**Provided entries**

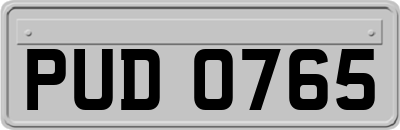 PUD0765
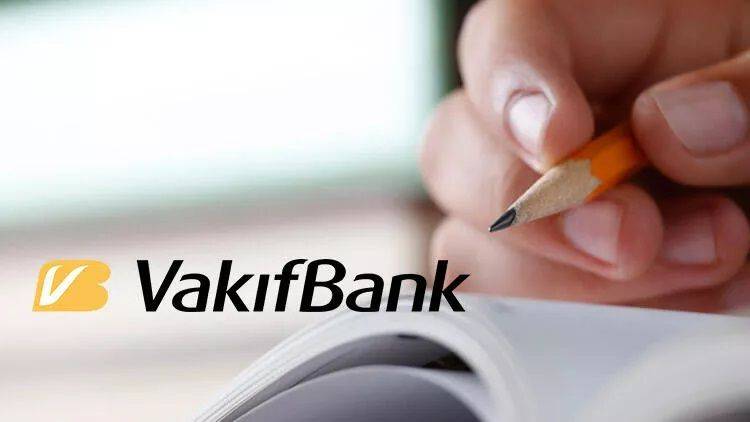 İş arayanlar dikkat, bu sabah duyuruldu: Vakıfbank 1882 personel alacak! Üstelik KPSS şartı da aranmıyor 4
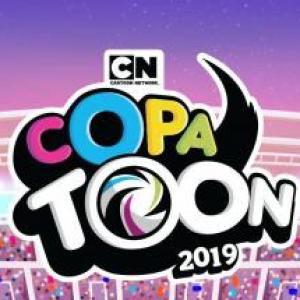 Copa Toon - Memorias - Juego educativo - Ocio - Mobbyt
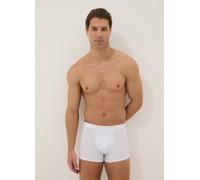 OVS, Pack De 3 Bóxers Blancos De Tejido Elástico, Corte Regular, Hombre, Blanco, Talla: XXL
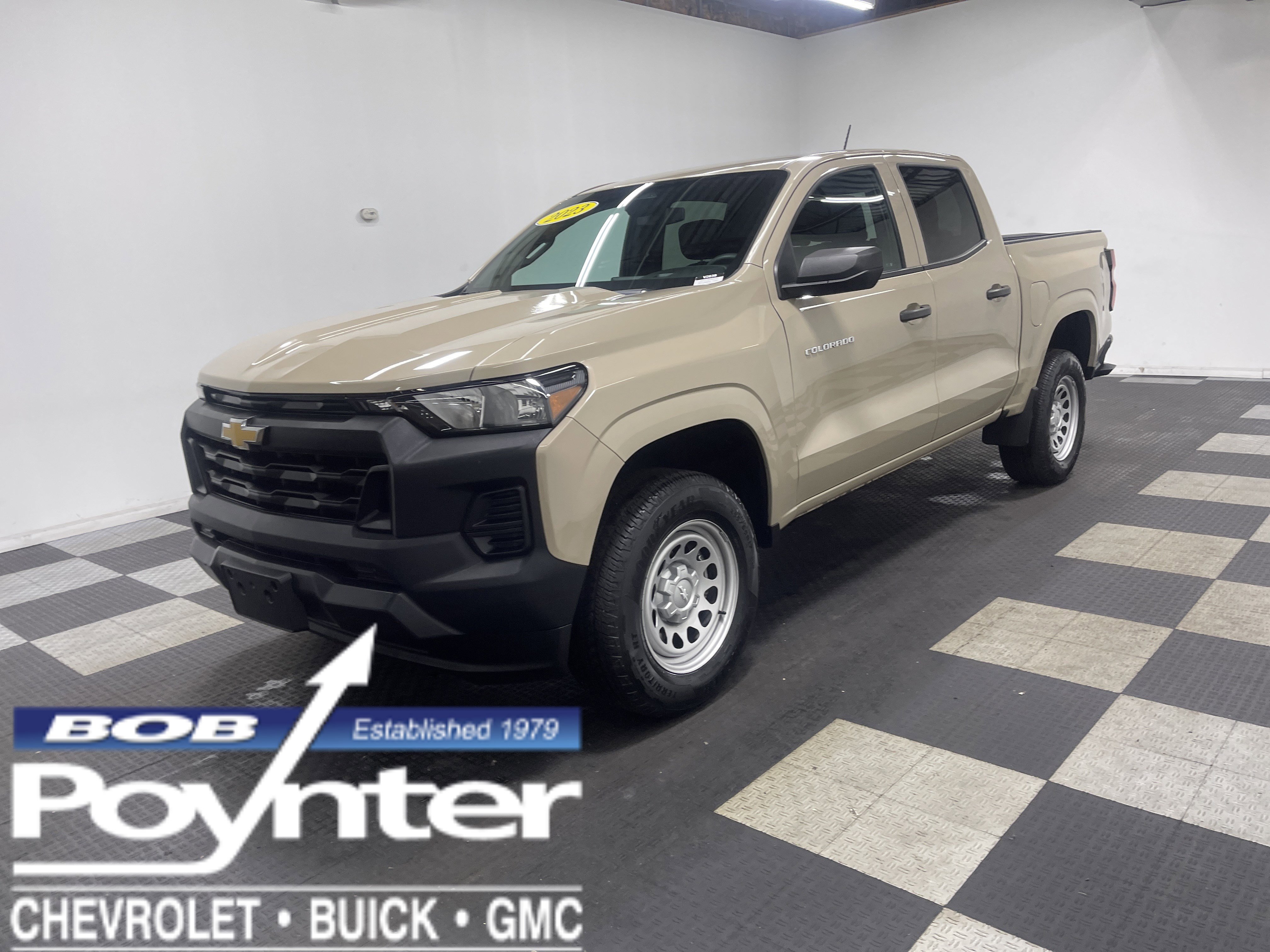 Used 2023 Chevrolet Colorado W/T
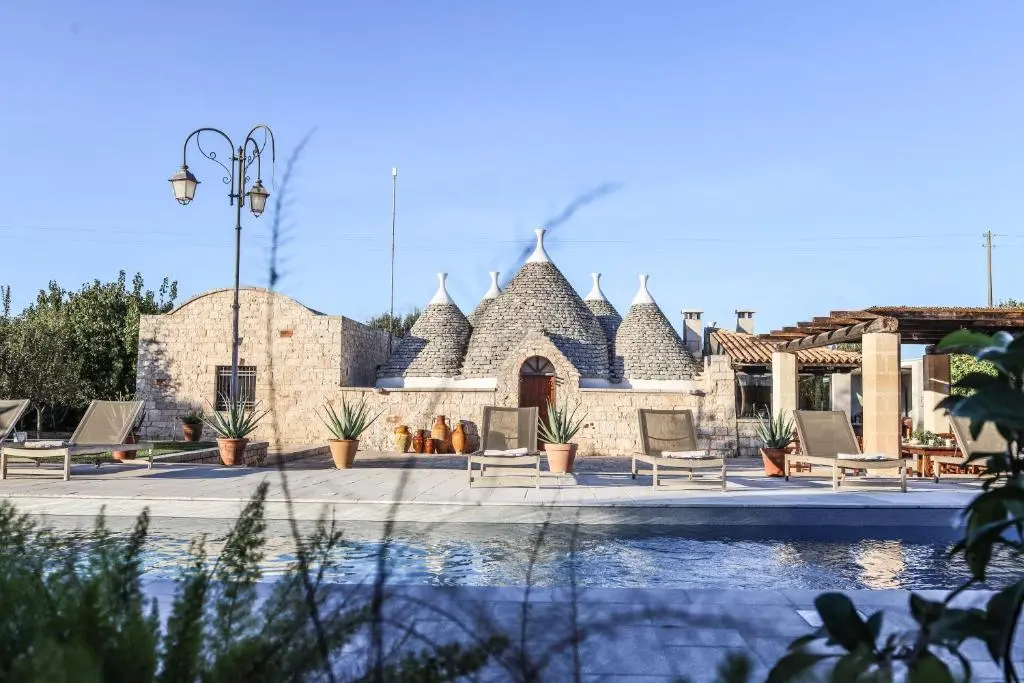 Trulli ITALIEN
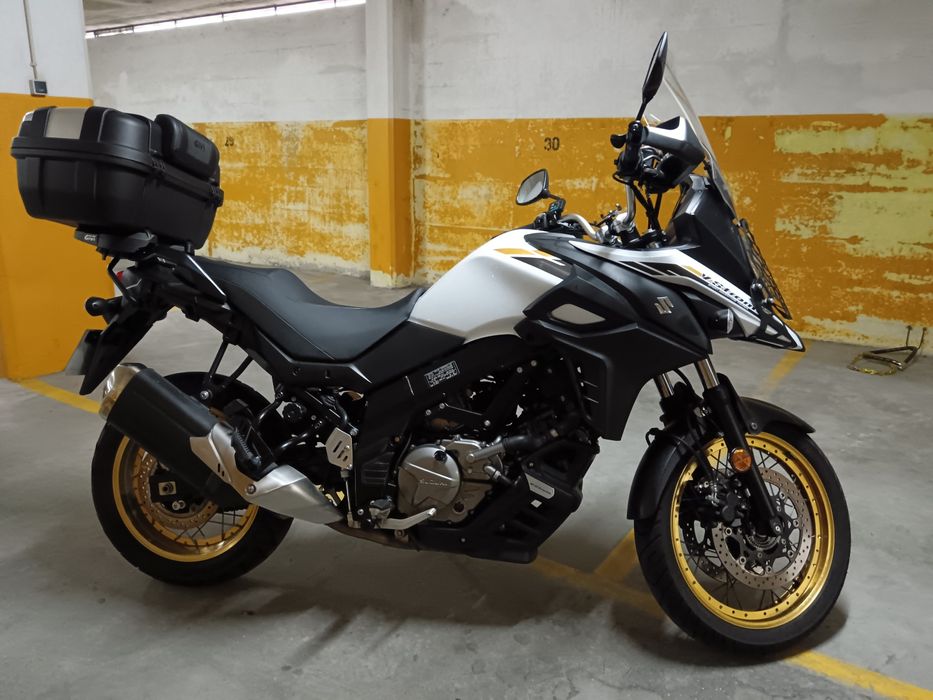 Suzuki DL v-strom 650 XT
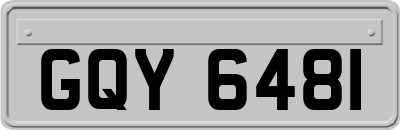 GQY6481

**Work task**
From the line containing "Copa Toon - Memorias" down to the last line of the entries above, set down every line exactly. Omit all pictures.

**Answer for the task**
 Copa Toon - Memorias - Juego educativo - Ocio - Mobbyt
 OVS, Pack De 3 Bóxers Blancos De Tejido Elástico, Corte Regular, Hombre, Blanco, Talla: XXL
 Used 2023 Chevrolet Colorado W/T
 Trulli ITALIEN
 Suzuki DL v-strom 650 XT
 GQY6481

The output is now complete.